Student protestors took over the room last Monday night in a bid to save what they describe as “the last non-commercialized public space on campus”. The room is regularly used by clubs and societies, and hosts community functions organised by local business. The SCR also has historical significance for Coleraine students. During the Troubles, a spokesperson for the group has said, it was “a beacon of neutrality” and “allowed students from either side of the sectarian divide to come together in a space they could call their own.”
It is understood that the SCR will function as a private dining area for the use of college executives from the end of December. Its forced closure, the University and College Union (UCU) commented last week, is part of “a systematic drive by the Senior Management Team to downgrade, or do away with completely, any of the facilities for staff and students on the campus.”
The Coleraine occupation coincided with industrial action taken by lecturers across the UK last Tuesday after university managers failed to come to an agreement with UCU, Unison and Unite over the issue of lecturers’ pay, which has failed to rise in line with inflation in recent years. Jimmy Kelly, United Regional Secretary, praised the sit-in last week for having provided “a masterclass in solidarity”.
The protest has also been commended by Terry Eagleton, who joined the student occupation on Wednesday. “What you’ve done here – whatever the outcome of this event – is you’ve transformed yourselves from recipients to agents, to actually taking control of the situation,” he said. “That’s the first step in any kind of radical politics. You’re here to defend not just this space, but this space as symbolic of the very ideal of education, of the very idea of the university, which is in danger of sinking without trace.”

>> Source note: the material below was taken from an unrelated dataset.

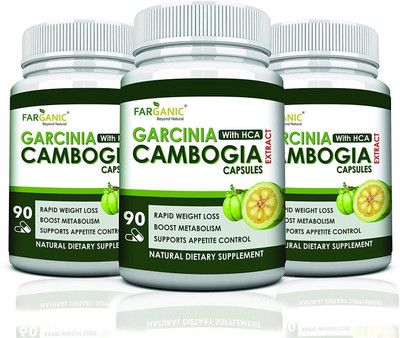 

FARGANIC GC 90 CAP 3-New(270 No)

Eagleton defined the option facing universities as “a choice between education for society and education for economy.” Increasingly, he said, “the production of knowledge is being incorporated into institutions of corporate capitalism.” University bureaucrats and “technocrats of the mind” have turned universities into “mind factories which sell commodified knowledge.” Occupy Coleraine, he said, represents “the real university – which the philistines who run places like this would not recognise were it to drop straight into their laps.”
Occupy Coleraine is one of a number of sit-ins that took place last week in solidarity with striking university staff. On Wednesday, students at London University’s School of Oriental and African Studies (SOAS) occupied the offices of its senior management over demands ranging from better pay and conditions for outsourced cleaners, to a maximum pay ratio of 10:1 between the lowest-paid and highest-paid staff in the university. Their protest lasted only for a number of hours, after they were forcibly expelled by security staff onto the streets, where they clashed with police. A video which has since appeared online appears to show a policeman punching a student.
Students at the University of Sheffield also occupied a campus room last week in a protest organised by the Sheffield Revolutionary Socialist Society. “Government and management are increasingly motivated by market forces and austerity rather than any commitment to education,” the society said in a statement last week. “We see solidarity as a weapon, not a word, and we will continue to take action in support of staff forced to provide services for ever-diminishing returns, while those at the top continue to line their own pockets”.